▸ Aim of the task:
Apart from the images, the records below need to be copied exactly.

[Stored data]
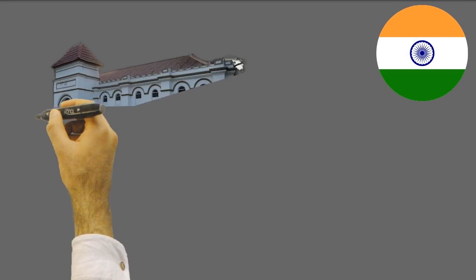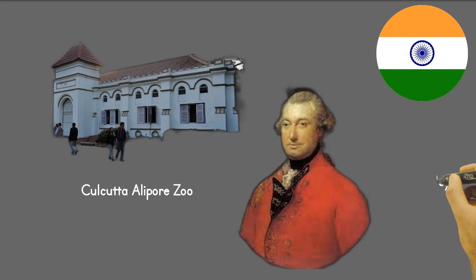During his stay in Calcutta, present-day Kolkata, he organized a zoo that became the Calcutta Alipur Zoo. He was also in charge of the botanical gardens for a short period.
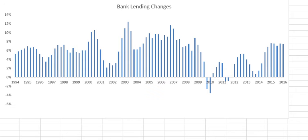Hello and welcome to another economics video. Today I'm going to focus on our banking system, specifically our commercial banks and some data that the Federal Reserve releases about them. This is quarterly data, and I wanted to start with this more broad chart — year over year changes in total bank lending. Over the last couple of years, things have been dramatically healthier, with between six and eight percent lending growth year over year.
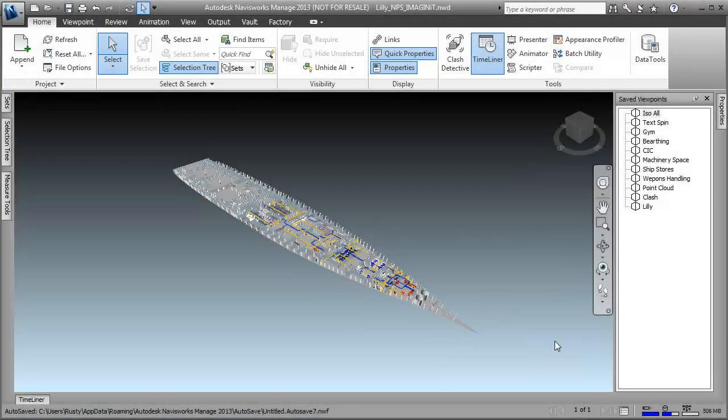Hello, and welcome to this demonstration for the Inventor Product Design Suite. My name is Rusty Belcher, and I'm going to be going through this demonstration with you today. I'm going to start off in one of the components that's part of the Product Design Suite, and that's Navisworks.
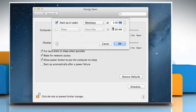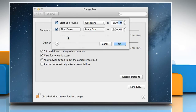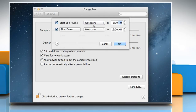Select the bottom checkbox and from the pop-up menu to its right, choose either Sleep to have your Mac automatically sleep and wake on schedule, or Shut Down to make your Mac automatically shut down and start up on schedule. Choose a scheduled interval from the next pop-up menu — for example, every day or weekdays. Set a sleep or shutdown time in the field to its right. Click OK to save the changes.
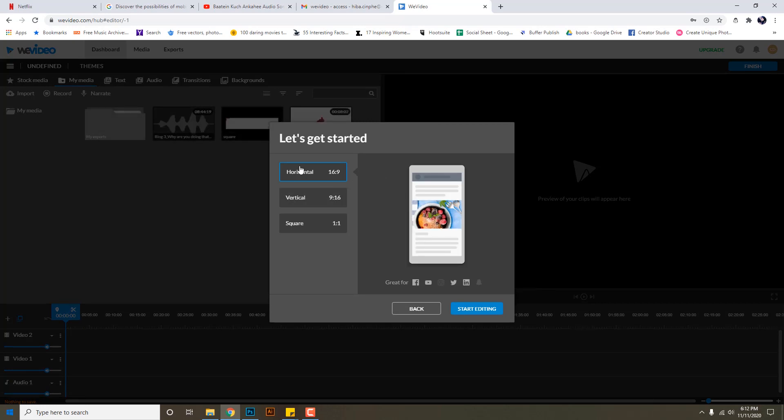I'm choosing the setting horizontal as I'm considering my video to be uploaded across all social media platforms like not just YouTube but also on Facebook or LinkedIn or Instagram, so 16 by 9 horizontal is the safest option.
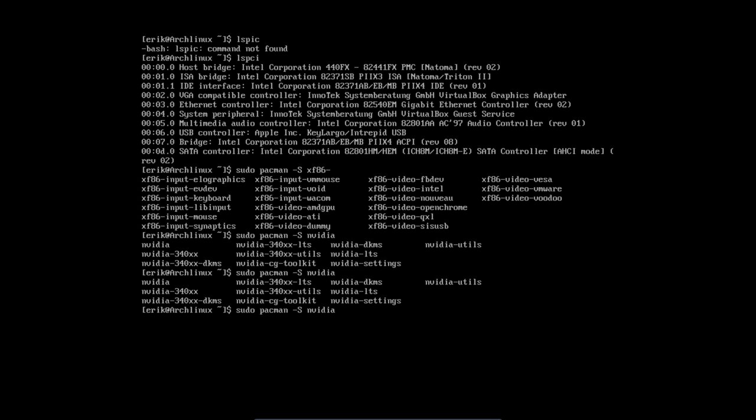That concludes more or less an overview of the drivers. It's not going to be easy, but once you know, it's super easy. Then you know what package, what driver to install, and then you can use your system.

▸ Result of the task:
During his stay in Calcutta, present-day Kolkata, he organized a zoo that became the Calcutta Alipur Zoo. He was also in charge of the botanical gardens for a short period.
Hello and welcome to another economics video. Today I'm going to focus on our banking system, specifically our commercial banks and some data that the Federal Reserve releases about them. This is quarterly data, and I wanted to start with this more broad chart — year over year changes in total bank lending. Over the last couple of years, things have been dramatically healthier, with between six and eight percent lending growth year over year.
Hello, and welcome to this demonstration for the Inventor Product Design Suite. My name is Rusty Belcher, and I'm going to be going through this demonstration with you today. I'm going to start off in one of the components that's part of the Product Design Suite, and that's Navisworks.
Select the bottom checkbox and from the pop-up menu to its right, choose either Sleep to have your Mac automatically sleep and wake on schedule, or Shut Down to make your Mac automatically shut down and start up on schedule. Choose a scheduled interval from the next pop-up menu — for example, every day or weekdays. Set a sleep or shutdown time in the field to its right. Click OK to save the changes.
I'm choosing the setting horizontal as I'm considering my video to be uploaded across all social media platforms like not just YouTube but also on Facebook or LinkedIn or Instagram, so 16 by 9 horizontal is the safest option.
That concludes more or less an overview of the drivers. It's not going to be easy, but once you know, it's super easy. Then you know what package, what driver to install, and then you can use your system.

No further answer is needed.